The present invention provides a take-up mechanism including a plurality of delivery rolls which receive fabric from the circular knitting machine cylinder, flattens the fabric and delivers the fabric to a take-up roll which winds the flattened fabric thereabout to form a roll of fabric. The take-up mechanism of this invention includes tension sensing means for selectively sensing fabric tension variations in a predetermined direction, preferably the direction of fabric travel from the knitting machine to the take-up mechanism. When the tension in the predetermined direction varies above or below a predetermined value, a variable speed motor drive means that is connected to the sensing means and includes a control means varies the speed of the motor drive for the delivery rolls and/or the take-up roll, to maintain a substantially uniform desired tension in the fabric. Advantageously, selective fabric tension sensing is accomplished by selectively sensing transverse movement of at least one delivery roll in the predetermined direction. More preferably, selective fabric tension sensing is accomplished by selectively sensing tension of at least one delivery roll in a predetermined direction transverse to its axis of rotation, preferably in the direction of fabric travel from the knitting machine to the delivery rolls.
In accordance with another embodiment of the invention, fabric tension sensing by the tension sensing mechanism is improved by minimizing or eliminating the effects of fabric tension changes occurring in the delivery rolls and/or between the delivery rolls and the fabric windup roll. Advantageously, this is accomplished by directing the knit fabric along a path of travel between the delivery rolls and the windup roll, in a direction substantially transverse to the path of fabric travel between the knitting machine cylinder and the delivery rolls. As a result, any changes in fabric tension between the delivery rolls and the windup roll, which can be caused, for example, by changing winder speed, result in the application of tension to the delivery rolls in a direction substantially transverse to the direction of fabric travel between the knitting machine cylinder and the delivery rolls. This allows for more accurate sensing of the fabric tension between the knitting machine and the delivery rolls without undue interference by tension changes resulting solely from tension changes within or downstream of the delivery rolls. In an advantageous embodiment according to this aspect of the invention, the take-up mechanism includes delivery rolls positioned substantially vertically below the knitting cylinder of a circular knitting machine, and a guide roll positioned between the delivery rolls and the winder at a location defining a substantially horizontal path of fabric travel.

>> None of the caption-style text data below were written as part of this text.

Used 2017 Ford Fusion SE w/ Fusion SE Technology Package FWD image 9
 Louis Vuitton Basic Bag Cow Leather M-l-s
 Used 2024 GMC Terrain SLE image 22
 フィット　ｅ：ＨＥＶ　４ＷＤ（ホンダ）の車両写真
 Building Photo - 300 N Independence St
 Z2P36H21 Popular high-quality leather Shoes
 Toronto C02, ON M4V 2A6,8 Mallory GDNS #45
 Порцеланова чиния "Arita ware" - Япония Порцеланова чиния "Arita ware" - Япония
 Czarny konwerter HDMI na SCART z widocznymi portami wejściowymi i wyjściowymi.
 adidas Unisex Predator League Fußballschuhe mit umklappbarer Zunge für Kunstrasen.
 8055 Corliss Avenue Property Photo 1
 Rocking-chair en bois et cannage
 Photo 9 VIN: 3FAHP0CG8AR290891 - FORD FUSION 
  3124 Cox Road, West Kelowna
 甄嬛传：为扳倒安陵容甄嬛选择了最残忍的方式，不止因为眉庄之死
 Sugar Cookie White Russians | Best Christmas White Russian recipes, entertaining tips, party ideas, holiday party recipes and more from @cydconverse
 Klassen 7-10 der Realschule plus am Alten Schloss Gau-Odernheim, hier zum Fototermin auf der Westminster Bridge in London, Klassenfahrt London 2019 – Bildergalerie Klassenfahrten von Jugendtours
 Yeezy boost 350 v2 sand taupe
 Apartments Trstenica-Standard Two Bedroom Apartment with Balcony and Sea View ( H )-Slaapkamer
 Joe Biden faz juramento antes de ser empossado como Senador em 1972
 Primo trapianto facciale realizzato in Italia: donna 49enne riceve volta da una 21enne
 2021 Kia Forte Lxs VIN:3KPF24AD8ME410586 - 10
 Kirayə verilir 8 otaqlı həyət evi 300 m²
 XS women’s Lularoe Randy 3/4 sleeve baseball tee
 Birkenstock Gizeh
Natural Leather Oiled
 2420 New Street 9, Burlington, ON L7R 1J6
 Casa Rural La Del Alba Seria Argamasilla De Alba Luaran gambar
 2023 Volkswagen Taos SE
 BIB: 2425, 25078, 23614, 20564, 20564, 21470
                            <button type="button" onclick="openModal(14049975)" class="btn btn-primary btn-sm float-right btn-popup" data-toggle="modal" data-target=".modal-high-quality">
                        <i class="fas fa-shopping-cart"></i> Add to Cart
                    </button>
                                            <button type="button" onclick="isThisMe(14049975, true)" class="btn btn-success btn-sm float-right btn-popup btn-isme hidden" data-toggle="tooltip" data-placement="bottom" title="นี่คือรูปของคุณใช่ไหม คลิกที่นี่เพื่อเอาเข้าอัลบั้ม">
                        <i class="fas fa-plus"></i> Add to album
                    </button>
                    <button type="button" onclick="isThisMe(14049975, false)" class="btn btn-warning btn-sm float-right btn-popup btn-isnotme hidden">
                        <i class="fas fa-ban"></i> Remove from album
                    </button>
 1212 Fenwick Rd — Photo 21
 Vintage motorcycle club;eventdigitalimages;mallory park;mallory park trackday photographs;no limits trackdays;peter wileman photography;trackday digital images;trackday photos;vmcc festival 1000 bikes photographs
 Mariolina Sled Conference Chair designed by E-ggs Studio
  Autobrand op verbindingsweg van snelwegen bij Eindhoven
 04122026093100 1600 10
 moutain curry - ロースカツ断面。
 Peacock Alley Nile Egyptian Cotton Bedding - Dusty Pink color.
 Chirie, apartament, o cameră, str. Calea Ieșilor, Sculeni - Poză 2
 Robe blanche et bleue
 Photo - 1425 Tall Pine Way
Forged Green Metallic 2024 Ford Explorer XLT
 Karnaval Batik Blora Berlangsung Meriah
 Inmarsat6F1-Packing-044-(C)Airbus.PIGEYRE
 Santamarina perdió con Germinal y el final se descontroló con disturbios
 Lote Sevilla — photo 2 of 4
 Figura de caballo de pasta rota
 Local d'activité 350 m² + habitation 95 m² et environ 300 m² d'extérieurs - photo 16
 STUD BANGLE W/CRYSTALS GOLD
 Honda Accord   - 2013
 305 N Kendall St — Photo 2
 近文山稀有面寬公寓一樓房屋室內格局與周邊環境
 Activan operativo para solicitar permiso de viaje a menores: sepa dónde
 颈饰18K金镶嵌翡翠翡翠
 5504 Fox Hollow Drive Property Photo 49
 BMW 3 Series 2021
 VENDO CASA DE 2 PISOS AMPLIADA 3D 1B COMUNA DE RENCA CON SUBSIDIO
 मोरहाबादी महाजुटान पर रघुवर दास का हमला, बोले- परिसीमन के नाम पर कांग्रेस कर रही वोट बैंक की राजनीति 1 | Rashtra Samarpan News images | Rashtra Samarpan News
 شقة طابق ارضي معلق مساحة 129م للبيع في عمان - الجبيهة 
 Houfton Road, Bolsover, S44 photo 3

Brief Description Of The Drawings

Some of the objects and advantages of the present invention having been stated, others will appear as the description proceeds when considered in conjunction with the accompanying schematic drawings, in which:

Figure 1 is a fragmentary front elevational view of a circular knitting machine incorporating the features of the present invention;
Figure 2 is a fragmentary sectional view taken substantially along line 2-2 in Figure 1;
Figure 3 is a fragmentary enlarged sectional view taken substantially along line 3-3 in Figure 2;
Figure 4 is an enlarged fragmentary elevational view looking in the direction of the arrows 4-4 in Figure 2;
Figure 5 is a view similar to Figure 4 looking in the direction of the arrows 5-5 in Figure 2;
Figure 6 is a fragmentary enlarged sectional view taken substantially along line 6-6 in Figure 1;
Figure 7 is a circuit diagram illustrating the control circuit for the take-up mechanism of the present invention;
Figure 8 is a top plane view of the take-up mechanism of the present invention;
Figure 9 is a side view of the first and second bracket of the present invention illustrating the effect of transverse movement in the first direction on the second bracket and how it affects the strain gauges;
Figure 10 is a view similar to that shown in Figure 9 showing the affect of transverse motion in both the first and second direction;
Figure 11 is a side view similar to that shown in Figure 2, of an alternative embodiment of the present invention showing various winding paths for the fabric;
Figure 12 is a side view similar to that shown in Figure 2 of an alternative embodiment of the present invention;
Figure 13 is a side of an alternative embodiment of the first bracket of the present invention; and
Figure 14 is a side view similar to that shown in Figure 11, of an alternative embodiment of the present invention.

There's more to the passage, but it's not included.